For Pope Francis the doors of our Churches are of particular significance. They must be kept open so that those who wish to may come in. The doors of our Churches must be doors which welcome all and especially for those who wish to encounter the care and the forgiveness of Jesus.
The doors of our Churches must be physically open. But they must be truly open and not have spiritual security checks like at our airports to keep out those that respectable Christians might feel less worthy. But the doors to our Churches must be two way doors, not doors which make it more comfortable to sit inside. A church door must also be the space out of which we go out refreshed and revitalised in bringing with us the message of Jesus.
I return to my discussion with that Parish priest and his fearful curate. Pope Francis has a different model and he witnesses to that at the age of seventy seven. He witnesses through an extraordinary commitment and enthusiasm and indeed inner freedom.
He writes “if something should rightly disturb us and trouble our consciences, it is the fact that so many of our brothers and sisters are living without the strength, light and consolation born of friendship with Jesus Christ, without a community of faith to support them, without meaning and a goal in life. More than by fear of going astray, my hope is that we will be moved by the fear of remaining shut up within structures which give us a false sense of security, within rules which make us harsh judges, within habits which make us feel safe, while at our doors people are starving and Jesus does not tire of saying to us. ‘Give them something to eat'”.
The challenge is great but we should not lose hope.

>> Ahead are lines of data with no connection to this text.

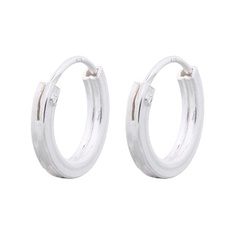 Flat Square Wire Middle Concave 925 Silver Hoop Earrings by BeYindi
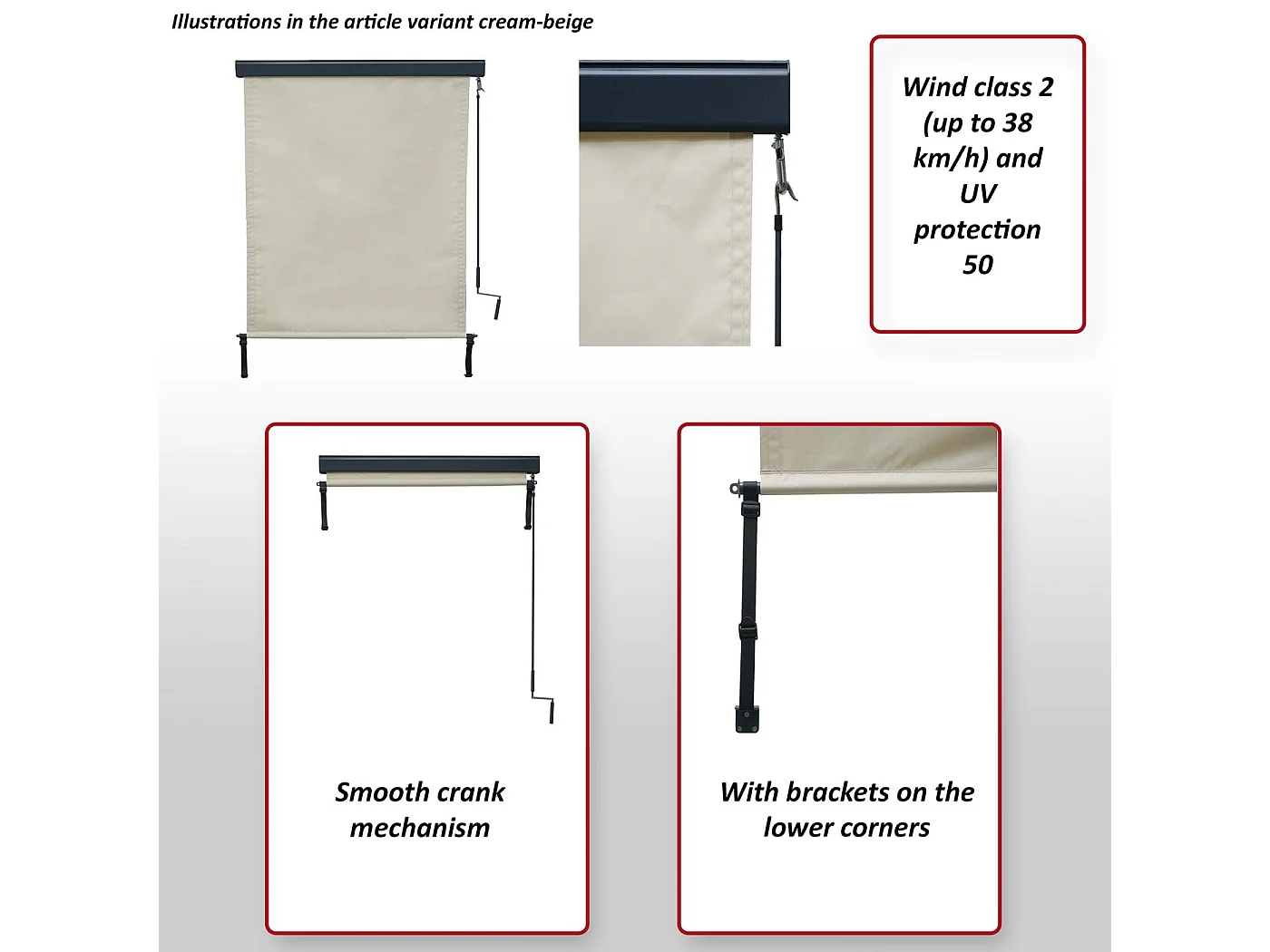 Store vertical MCW-F42,  250x180 cm, crème-beige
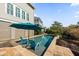 Backyard pool with blue lounge chairs and blue patio umbrella at 1962 Bellona St, Charleston, SC 29492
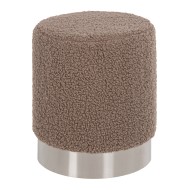 Σκαμπό Levy ανοιχτό καφέ μπουκλέ ύφασμα με ασημί βάση φ35x42Ycm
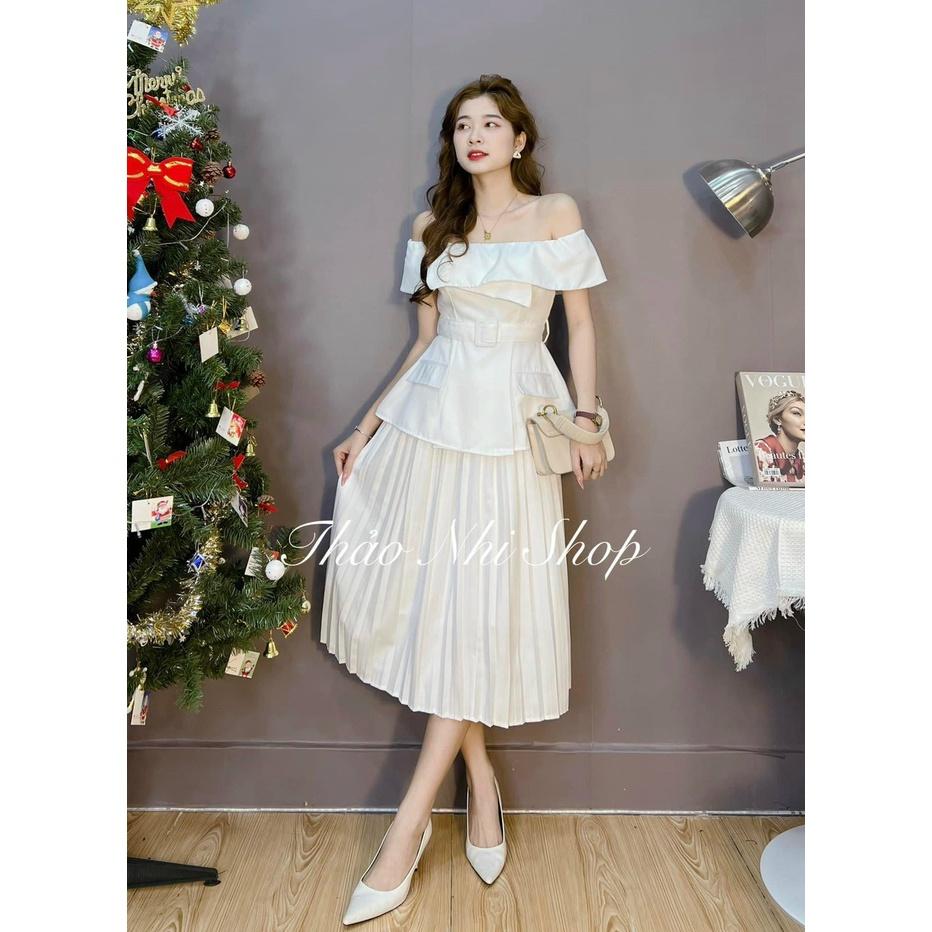Set áo trắng bẹt vai cháo đắp tà chân vấy trắng midi dập ly mẫu chị thảo nhi shop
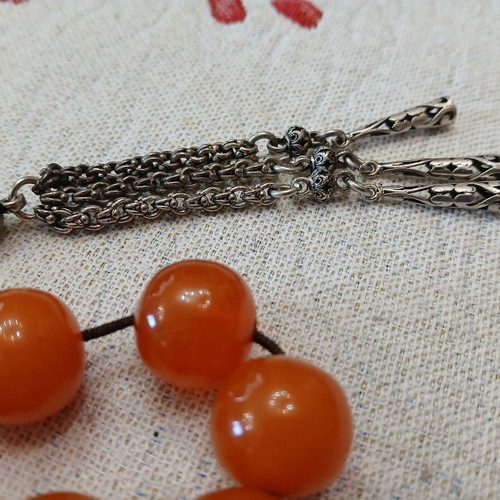 Mastic Worry Beads used, bakelite, vintage metal details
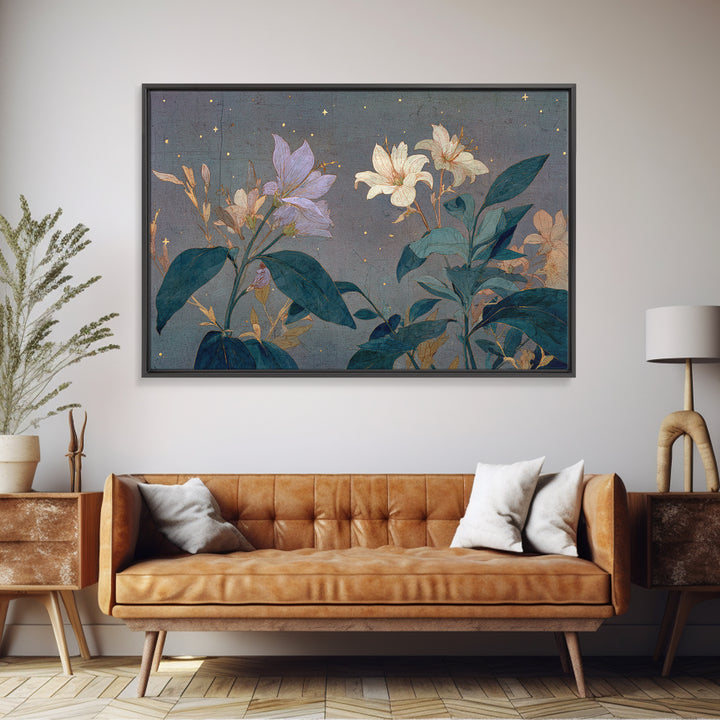 Night Garden with Pale Flowers and Stars Framed Canvas Print, Master Bedroom, Farmhouse Decor, Bedroom Decor, Sanctuary, MAS-3x2-99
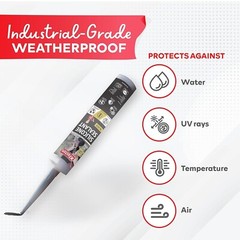 XFasten Silicone Sealant Waterproof Black Cartridge, 10.1 oz (Single Pack) Bl…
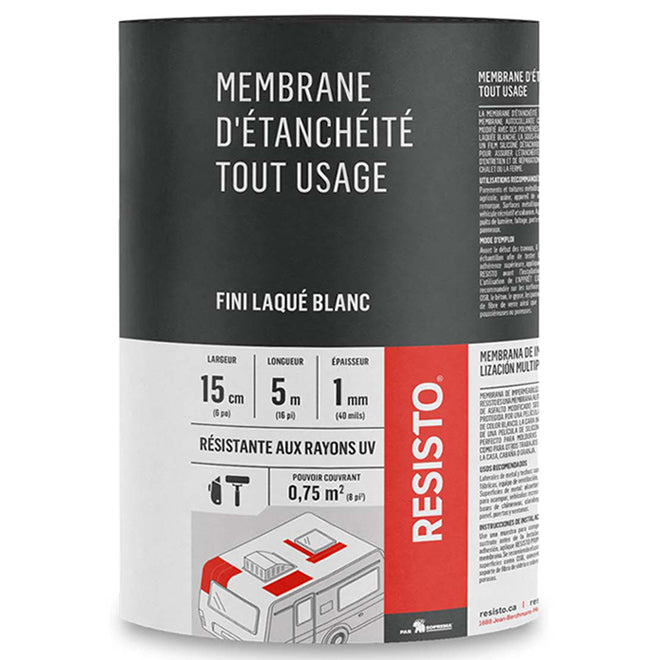 Membrane d'étanchéité tout-usage en bitume - 6" X 16,4' Resisto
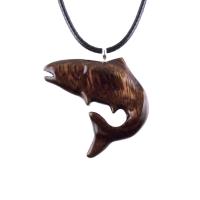 Salmon Necklace, Hand Carved Wooden Fish Pendant, Trout Necklace, Mens Wood Pendant, Fishermen Jewelry, Gift for Him
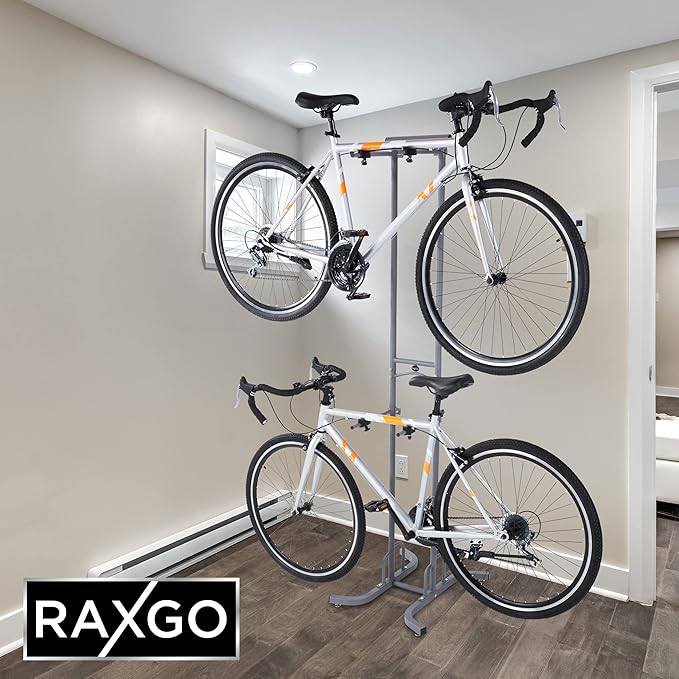 RaxGo Bike Garage Storage Rack, 2 Bicycle Garage Floor Stand, Freestanding, Adjustable Hooks, for Mountain & Road Bicycles, Universal for Indoor Use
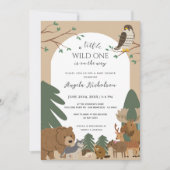 ウッドラエレガントンドアニマルモダンズ森の赤ちゃんシャワー 招待状 (正面)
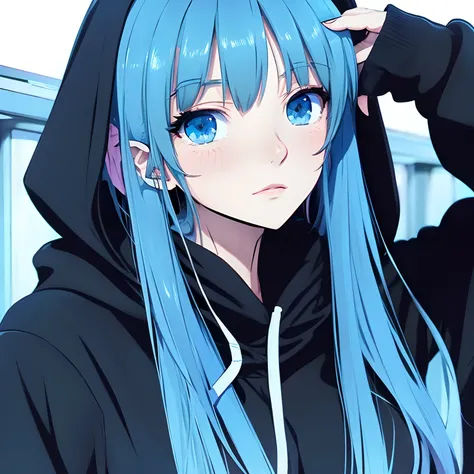 femele、Black hoodie、Light blue long hair、Light blue eyes、Height is about 155 cm、Anime style、NEET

The biggest enemy is pessimism and the great ally of pessimism is pessimism. Pessimism is the mother of all self-fulfilling prophecies and it is a highly contagious disease.
In characteristically Pope Francis language, the Pope notes: “one of the most serious temptations which stifles boldness and zeal is a defeatism which turns us into querulous and disillusioned pessimists, “sourpusses”.
Nobody can go off to battle unless he is fully convinced of victory beforehand. If we start without confidence we have already lost half the battle and we bury our talent”.
Pope Francis’ answer is a radical one: a Church constantly going out from herself, keeping her mission focused on herself and her commitment to the poor. “God save us”, he says, “from a worldly Church with superficial spiritual and pastoral trappings!”
And he concludes: “Challenges exist to be overcome. Let us be realists, but without losing our joy and our hope-filled commitment. Let us not allow ourselves to be robbed of our missionary vigour”.
I do not know if you will agree with me. But I am more enthused by the realism of Pope Francis than the fear and insecurity of that curate I mentioned at the beginning of my talk.
My prayer is that curate and many like him will be moved by what Pope Francis says and does and will overcome his insecurity and rediscover the joy of Gospel and the joy of sharing the Gospel in the world of today.